A exposição «Documentary & Anti-grafic» juntou em 1935, na Galeria Julien Levy de NY, as fotografias de HCB, Alvaraz Bravo e Walker Evans. Foi reconstituída em 2004 na Fundação Cartier-Bresson
"Os fotógrafos do real"
Um catálogo publicado 70 anos depois.
EXPRESSO/Actual de 2 Abril 2005
A reunião de (ou dos) três nomes maiores da fotografia do século XX - Cartier-Bresson, Alvarez Bravo e Walker Evans - numa exposição realizada de 23 de Abril a 7 de Maio de 1935 na Galeria Julien Levy de Nova Iorque era um dado conhecido das suas biografias e também da de um galerista que salvou e levou para a América o espólio de Eugène Atget e que teve um papel de relevo na apresentação dos surrealistas. Mas esse registo pouco mais podia ser do que uma data inscrita em extensas cronologias e um motivo de curiosidade.
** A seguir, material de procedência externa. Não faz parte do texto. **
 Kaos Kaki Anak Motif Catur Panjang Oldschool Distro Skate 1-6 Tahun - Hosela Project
Como foi possível associar os três fotógrafos, então nos primeiros anos de carreira? O que teria significado essa exposição?
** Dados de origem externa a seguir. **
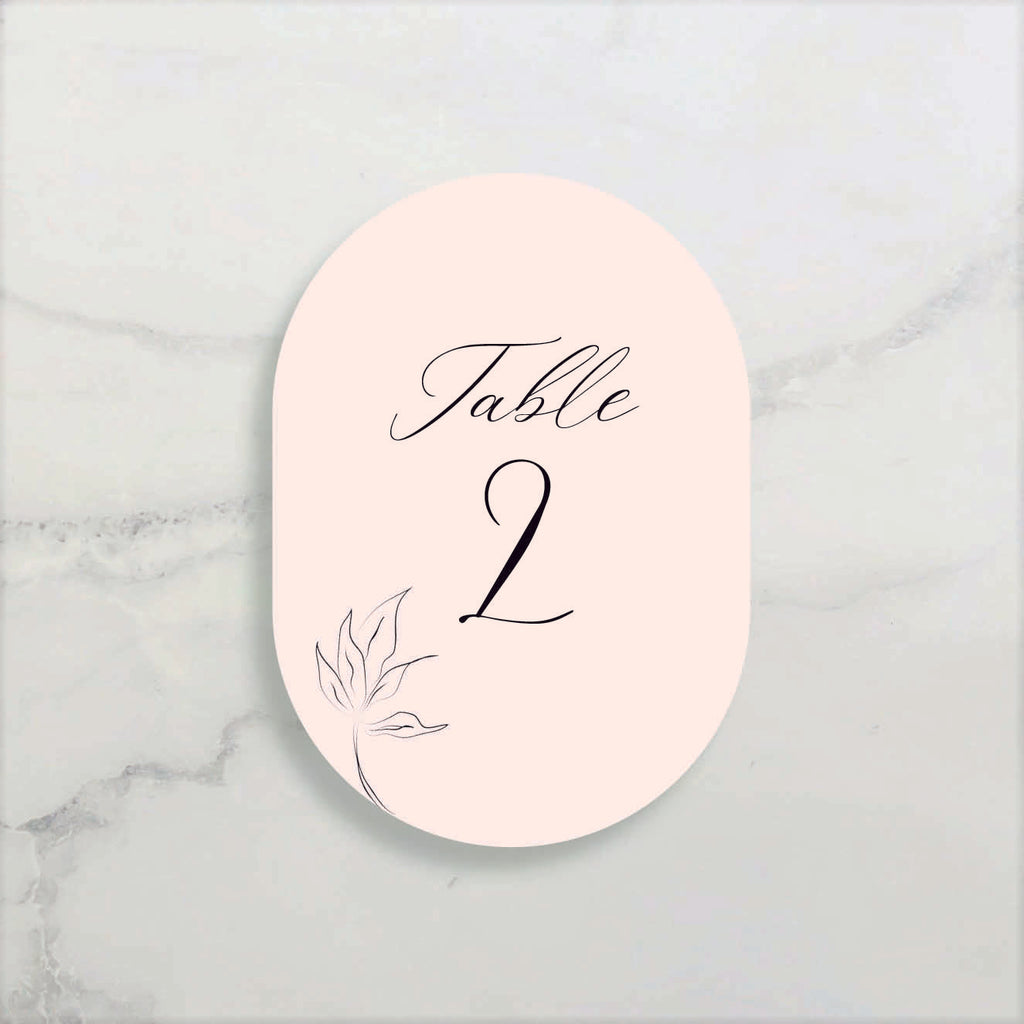 OPAL - TABLE NUMBER PACK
O aparecimento de um insólito anúncio-convite nos arquivos de Cartier-Bresson quando se começou a organizar a fundação com o seu nome deu origem a uma longa investigação, que culminou com a respectiva reconstituição, o mais possível aproximada, e com a edição de um catálogo. A exposição, com provas de época do espólio de HCB ou cedidas pelos grandes museus americanos, abriu em 2004 na Fundação Cartier-Bresson e passou para o Museu de l’Elysée, em Lausanne, onde encerra no dia 10. O livro chegou agora às livrarias, numa edição bilingue, francês-inglês, da Steidl (192 págs., 30€). Embora as imagens tenham sido muitas vezes reproduzidas, é uma das mais importantes publicações fotográficas recentes.
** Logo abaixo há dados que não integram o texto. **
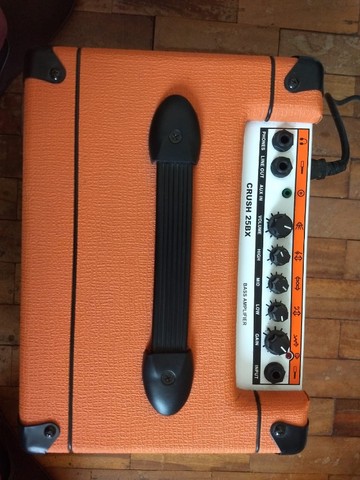 Amplificador Contra Baixo Orange Combo Cr25bx Crush Pix 25w  - Foto 2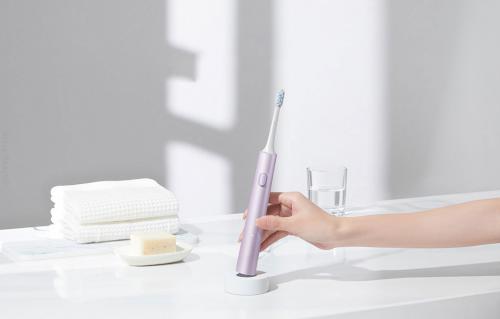 Зубная электрощетка Xiaomi Mijia Electric Toothbrush T302 Purple MES608. Фото 5 в описании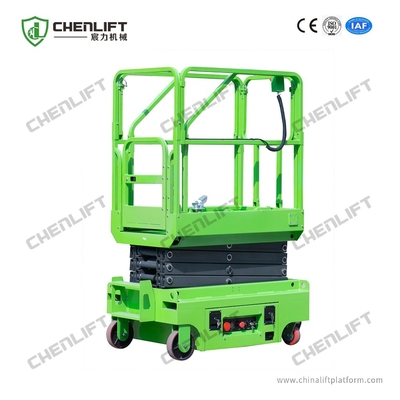 piattaforma di Mini Mobile Scissor With Extension di altezza di lavoro di 240Kg 5m 6m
Dois textos iniciais de Agnès Sire (directora da fundação e comissária da exposição), em colaboração com a investigadora Tamara Corm, e de Daniel Girardin (conservador do Museu do Eliseu) fazem a história da mostra de 1935 e das pesquisas que conduziram à reconstituição. Depois, o historiador Ian Jeffrey e Michel Tournier escrevem sobre Manuel Alvarez Bravo (1902-2002); Peter Galassi, conservador-chefe do departamento de fotografia do MoMA, ocupa-se de Cartier-Bresson (1908-2004); e Jeff L. Rosenheim, conservador do Metropolitan, de Walker Evans (1903-1975). Não são meros textos de circunstância, mas excelentes sínteses que interpretam as obras de um modo não anacrónico, isto é, sem as subordinar ao que sabemos das carreiras futuras.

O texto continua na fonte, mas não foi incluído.